* **TASK PROMPT**:
Write out the line that holds "Bejna Kadın Nakış Işlemeli V Yaka Şık Bluz" together with every line that follows it to the end of the material below, exactly. Omit the pictures.

* **DATA TO EXAMINE**:
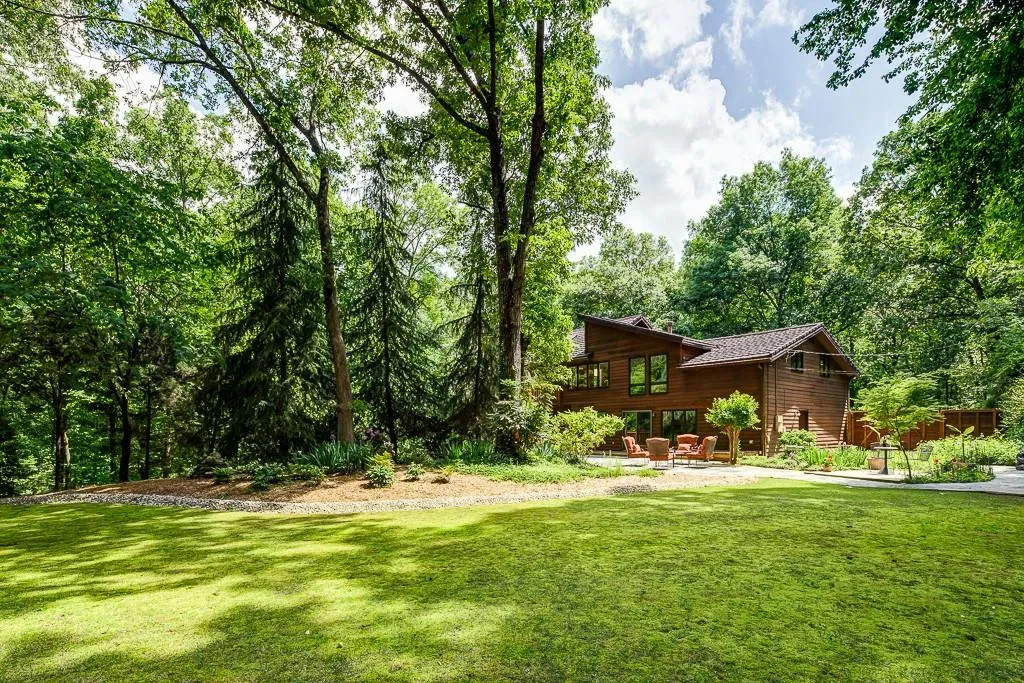 7950 Innsbruck Drive, Sandy Springs, Georgia 30350, 4 Bedrooms Bedrooms, ,2 BathroomsBathrooms,Residential,Sold,7950 Innsbruck Drive,5687623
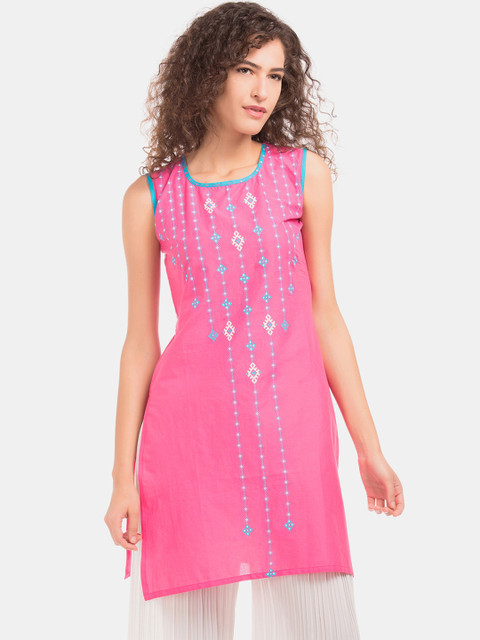 

Karigari Women Pink Floral Printed Straight Kurta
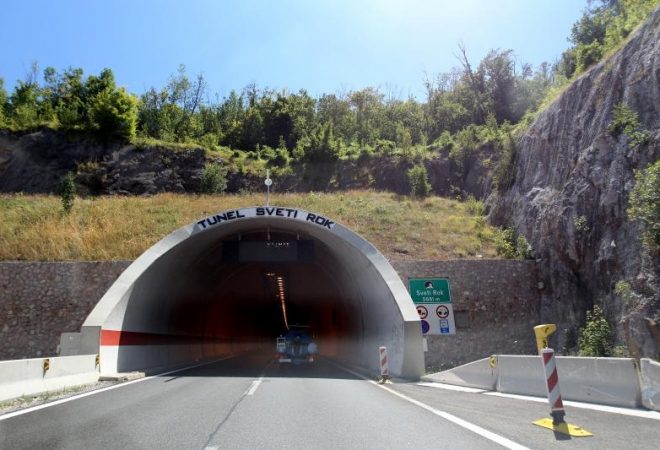 Zbog požara u tunelu Sv.Rok na A1 obustavljen promet u smjeru Splita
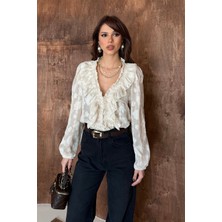 Bejna Kadın Nakış Işlemeli V Yaka Şık Bluz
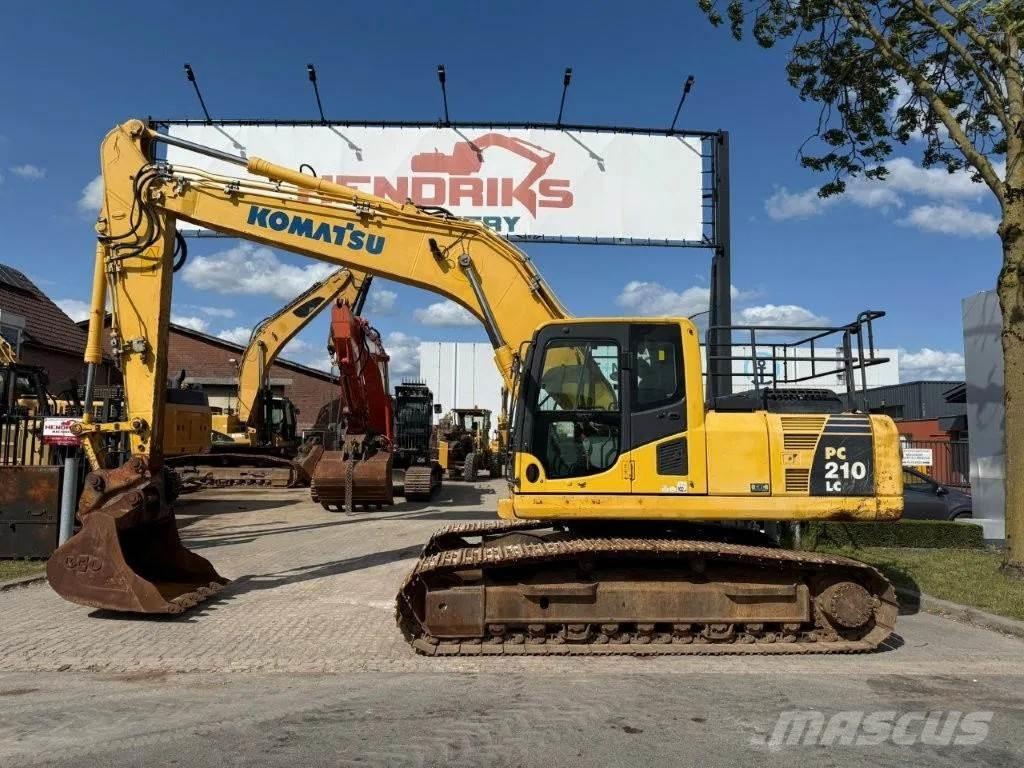 Komatsu PC210LC-8 Bandgrävare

* **YOUR SOLUTION**:
 Bejna Kadın Nakış Işlemeli V Yaka Şık Bluz
 Komatsu PC210LC-8 Bandgrävare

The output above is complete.